We have to look at the components of those earnings. Net earnings includes things like depreciation. In the latest quarter, depreciation was equal to very roughly, 19 cents/ share and amounted to over 62 cents/ share for the year. By itself, removing this from the net income equation means that the company would be able to cover the dividend IF they didn't need reserves to eventually replace those ships as they age to obsolescence.

Of course, the ships, although they may be quite long-lived, do need to be replaced. Ship Finance Limited, generally secures third party financing for its new ships. This means they need to meet regular loan payments against that financing, but don't need to amass huge amounts of cash to buy ships outright. With the value of the ship itself as collateral against the loan, base charter incomes which cover the loan payments and operating expense of the vessel, and vessels that outlive the term of the loan (or are sold at or above prices that cover the remaining loan balances before end of life) then each vessel acquisition can be incremental to net income without negatively impacting the ability to pay dividends.

When charter rates drop below expense costs (exclusive of depreciation), then we have a problem. That can and does happen in certain segments. Diversifying their fleet composition across sectors helps ensure that as a whole, charter income remains above threshold even if not for each ship.

In order to secure third party financing, SFL must meet certain financial requirements on a continuing basis. Those requirements are imposed by the financing contract in order to ensure that SFL will remain capable of making loan payments over the life of the loans. These covenants ensure that cash flow, liquidity, and other financial measures point to continuing solvency. A commitment to an unsustainable dividend would cause these financiers some considerable angst. If it came down to SFL failing to meet the requirements of their financing agreements, they could either secure new financing to retire the old debts, cut "optional expenses" like future dividends, or perhaps sell assets or investments.

If we ever saw SFL cut dividends, we would expect the stock price to fall dramatically since the value of the company's stock is largely based on its dividend yield, which at today's close is 10.6% annually.  For dividends to be cut, we'd need to see a sustained drop in free cash flow. I don't see anything pointing to that at the present time or foresee any trends pointing in that direction.

Other danger signs would be increasing levels of debt without corresponding increases in assets. SFL's balance sheet is essentially flat year on year.

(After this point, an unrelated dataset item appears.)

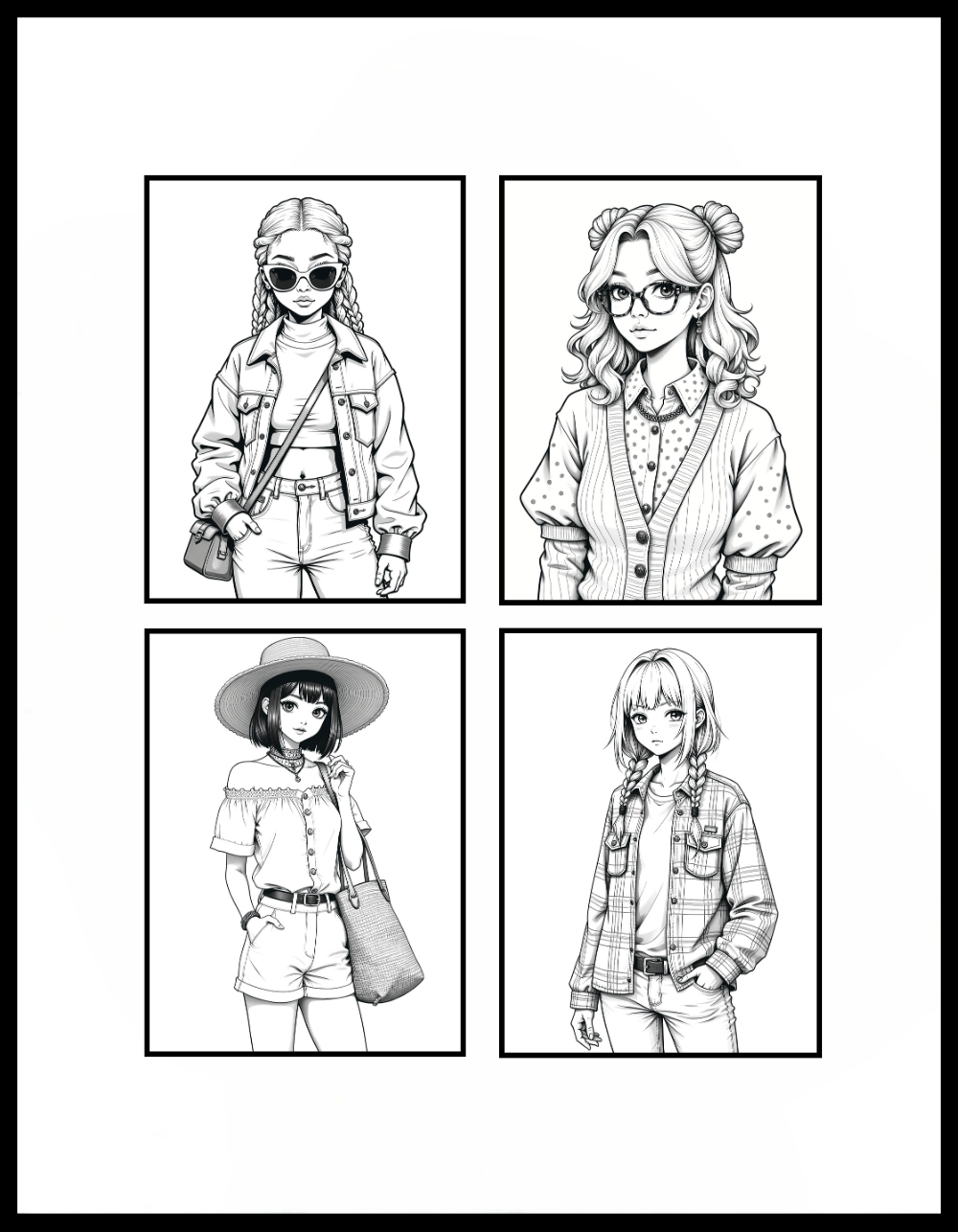 50 Pages Single Sided Cute Japanese Anime Manga Fashion Model Girls Coloring Book Gift for Adults Men Women Kids Young Boys Girls Teens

We also look at trends. For example, SFL's net income for 2014 was $122 million versus $89 million for 2013. With a prospect for increasing oil tanker rates in early 2015, we might expect this year to get off to a good start...

All in all, after the release of the company's quarterly report the stock price rose by 3.5% today. Generally after an SFL quarterly report, people notice the dividend yield and shares rise, at least through the ex-dividend date. We'd look for it to top $16 easily in the next two weeks. On the other hand, at $18/ share the dividend yield is still over 9%...

SFL is, in my opinion, undervalued. That plus the dividend yield is why I purchased it for my mock $500 portfolio to demonstrate that investing even a small amount can yield a substantial return. It doesn't take money to make money. It takes hard work, discipline, and perseverance.

Disclosure: SFL is a component of my own personal real-life investment account and/or one or more accounts that I manage for others.